### Directions
Print exactly the lines from the one that contains "Family By Love Or By Blood Lead Actor" through the final line of the entries below, both included, and nothing else; omit the pictures.

Captioned web images:
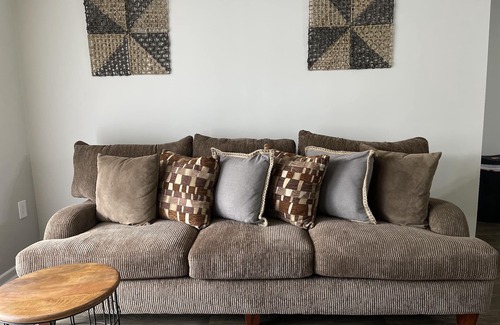 Margate Apartment | Cozy 2 bedroom 2 bath apt with pool & gym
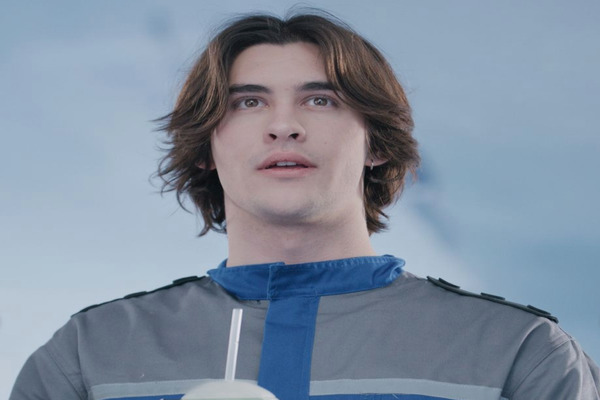 Family By Love Or By Blood Lead Actor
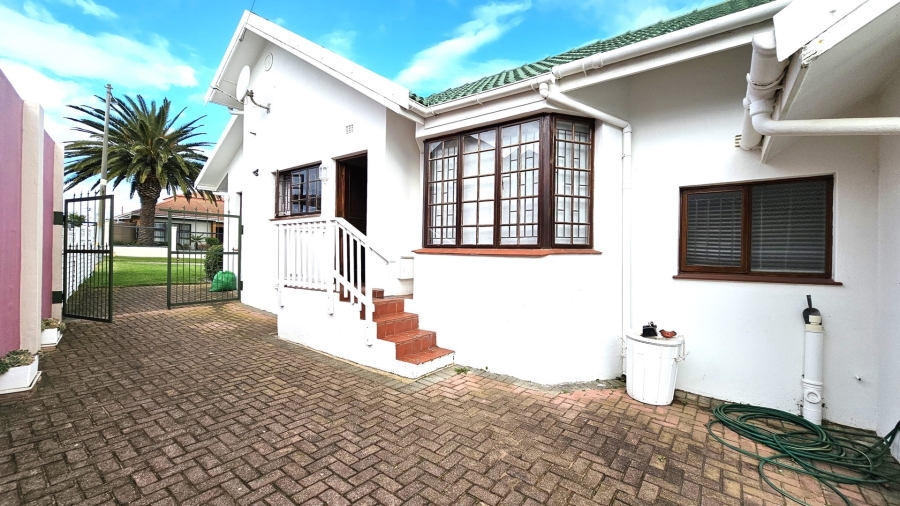 4 Bedroom Property for Sale in Bayview Western Cape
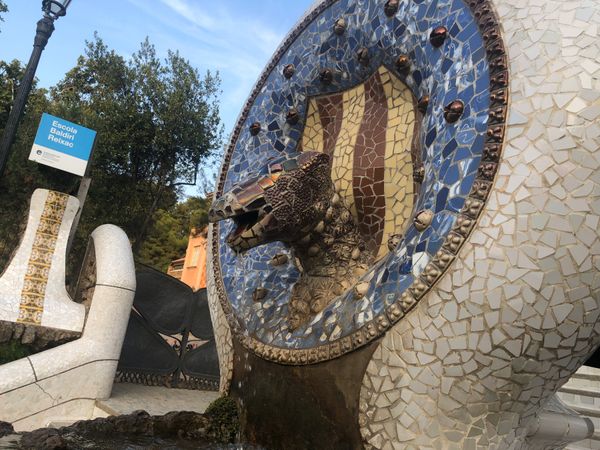 スペイン・バルセロナ「SPAIN🇪🇸」の写真：グエル公園
朝の無料で入れる時間に。
朝...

### Solution below
 Family By Love Or By Blood Lead Actor
 4 Bedroom Property for Sale in Bayview Western Cape
 スペイン・バルセロナ「SPAIN🇪🇸」の写真：グエル公園
朝の無料で入れる時間に。
朝...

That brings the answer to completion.